#### [Dataset entries]
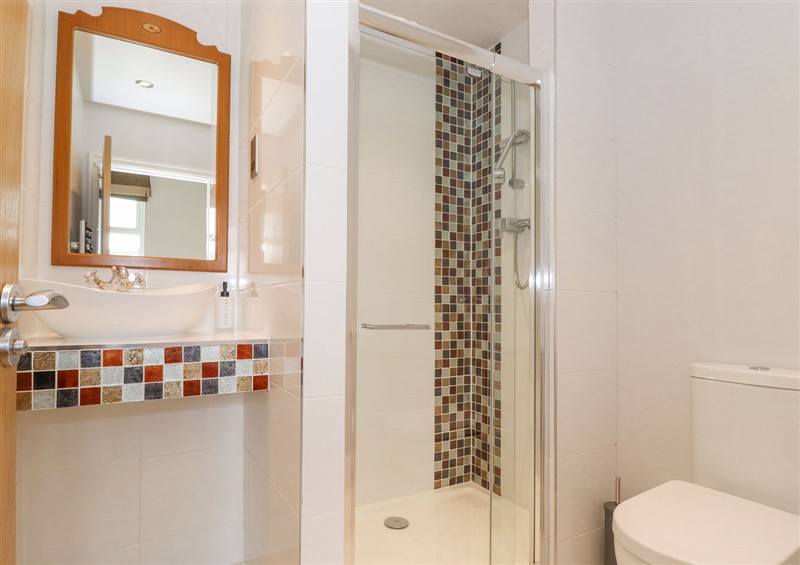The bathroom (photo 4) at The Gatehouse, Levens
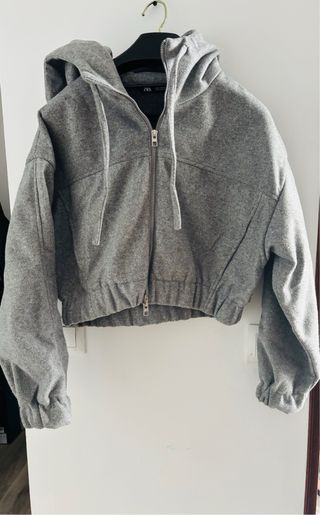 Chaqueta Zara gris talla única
---
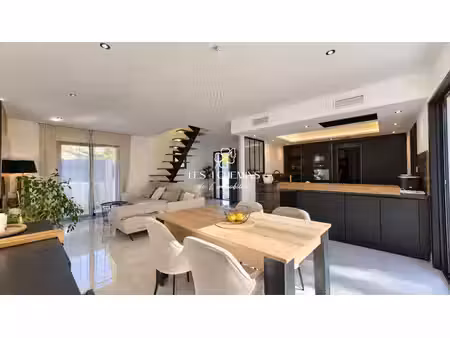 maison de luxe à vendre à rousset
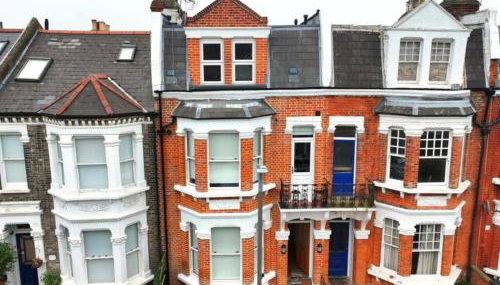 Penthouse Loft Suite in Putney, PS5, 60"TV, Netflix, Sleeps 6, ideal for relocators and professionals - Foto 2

#### [What to do]
Write down exactly what the lines above say, from the line holding "The bathroom (photo" through the line holding "Chaqueta Zara gris talla única", and nothing more. Do not copy the pictures.

#### [Task response]
The bathroom (photo 4) at The Gatehouse, Levens
 Chaqueta Zara gris talla única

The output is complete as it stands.